Peter’s arrival was the answer to their prayer, but it was still an enormous shock to them; it is quite comically reported – the maid, Rhoda, who hears Peter’s voice is so excited she leaves him at the gate and rushes off to tell the others he is outside. Time is then wasted as they question the merits of her incredible report; while the great saint continues to stand outside, knocking at the door to come in. Finally when the door is opened he talks to them in the doorway itself (it would appear), describing “how the Lord brought him out of prison” and giving some instructions, before leaving “to another place.”
After all that knocking and waiting at the gate it does strike me as a bit strange that he didn’t go in. Apparently, this pillar of the early church really needed to be somewhere else. His trip to the house of Mary, the mother of John, then, was a deliberate detour that highlights something very significant about his release from prison, namely that it was the prayer of others, of the gathered community, that had been instrumental in his liberation.

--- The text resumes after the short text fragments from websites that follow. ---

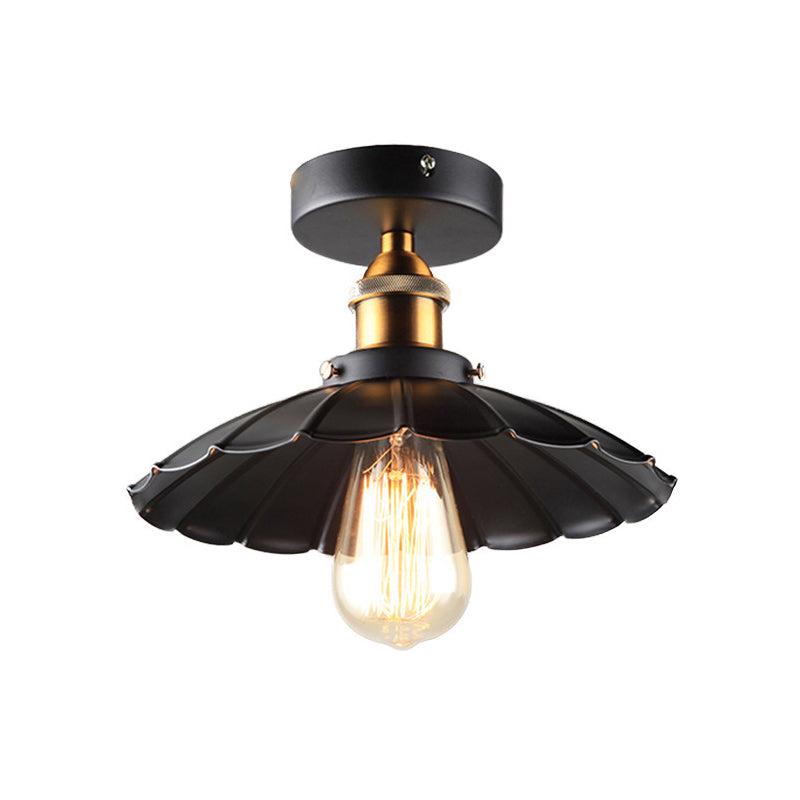 Black Tapered Semi Mount Lighting Factory Iron 1-Head Dining Room Close to Ceiling Light Clearhalo 'Ceiling Lights' 'Close To Ceiling Lights' 'Close to ceiling' 'Semi-flushmount' Lighting' 2024796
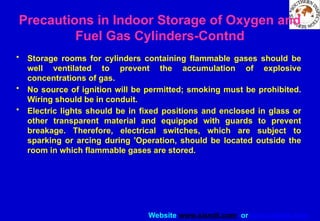 Website www.sisndt.com or www.ndtsis.com
Precautions in Indoor Storage of Oxygen and
Fuel Gas Cylinders-Contnd
• Storage rooms for cylinders containing flammable gases should be
well ventilated to prevent the accumulation of explosive
concentrations of gas.
• No source of ignition will be permitted; smoking must be prohibited.
Wiring should be in conduit.
• Electric lights should be in fixed positions and enclosed in glass or
other transparent material and equipped with guards to prevent
breakage. Therefore, electrical switches, which are subject to
sparking or arcing during 'Operation, should be located outside the
room in which flammable gases are stored.
 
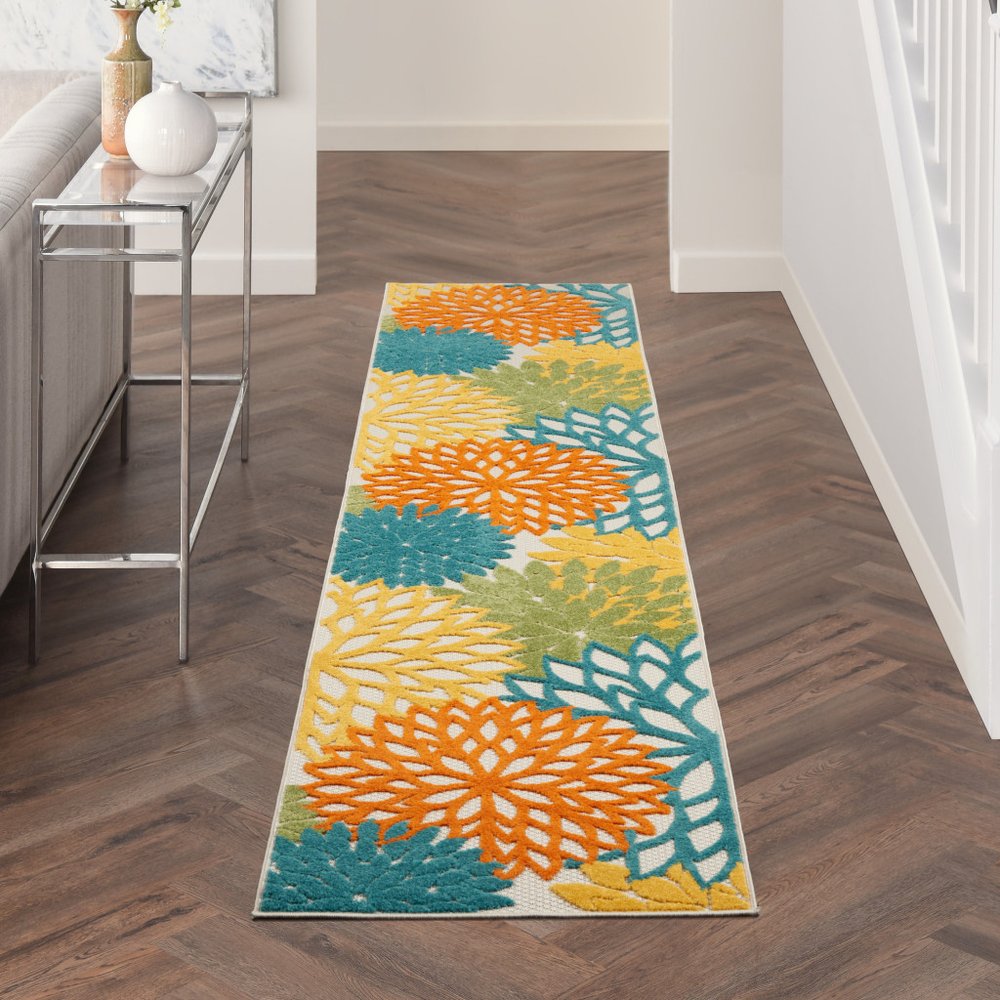 10' Turquoise Indoor Outdoor Runner Rug HomeRoots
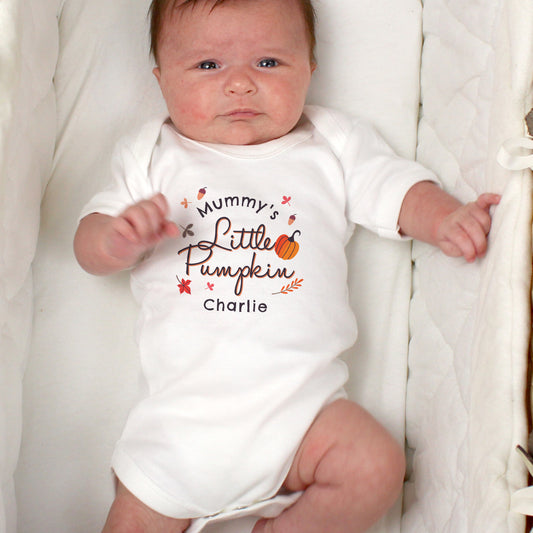 Personalised Baby Vest Little Pumpkin 0-3 months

Exemplary as a man of God as Peter was, he remained a very human figure, with understandable limitations. On matters of faith and morals, for instance, he moved much more slowly than Paul when it came to the relaxing of Jewish dietary and other regulations for converts to Christianity.
In his very heated letter to the Galatians, Paul berates Peter for the way he wavered over this matter:
But when Cephas [another name for Peter] came to Antioch, I opposed him to his face, because he stood self-condemned; for until certain people came from James, he used to eat with the Gentiles. But after they came, he drew back and kept himself separate for fear of the circumcision faction. And the other Jews joined him in this hypocrisy, so that even Barnabas was led astray by their hypocrisy. (Gal 2:11-13).
Paul was probably right to tell Peter off, but I think a lot of us in the Church can identify with Peter, and the struggle he had dealing with momentous change in religious matters (and there is no doubt about it, this was a big deal for an older Jewish man). We should note, however, that although he wasn’t the first cab off the rank when it came to rethinking Christianity in the first century, he did eventually embrace the change (see Acts 10 which documents that process of realisation) – the same way that I have seen people of a certain generation in our church come to terms with, say, the ordination of women.
One priest, now very-well retired, told me quite openly that he had voted against the ordination of women to the priesthood in the 1970s, but that his view changed completely when he had to work with a female priest whom he recognised as having every priestly charism. He was walking in Peter’s footsteps – more plodding than Paul, but moving forward nevertheless.
The red we are wearing today reminds us that both Peter and Paul died for their faith. They were probably killed during Nero’s persecution in the early 60s, but, unfortunately, the NT is silent on where and when they died.
Maybe that is a good thing.
Details of their cruel demise might distract us from what really matters,
and that is their very human,
sometimes halting,
sometimes uncomfortable,
but ultimately positive response to God’s call in Christ.
Let their good lives be a lesson to us.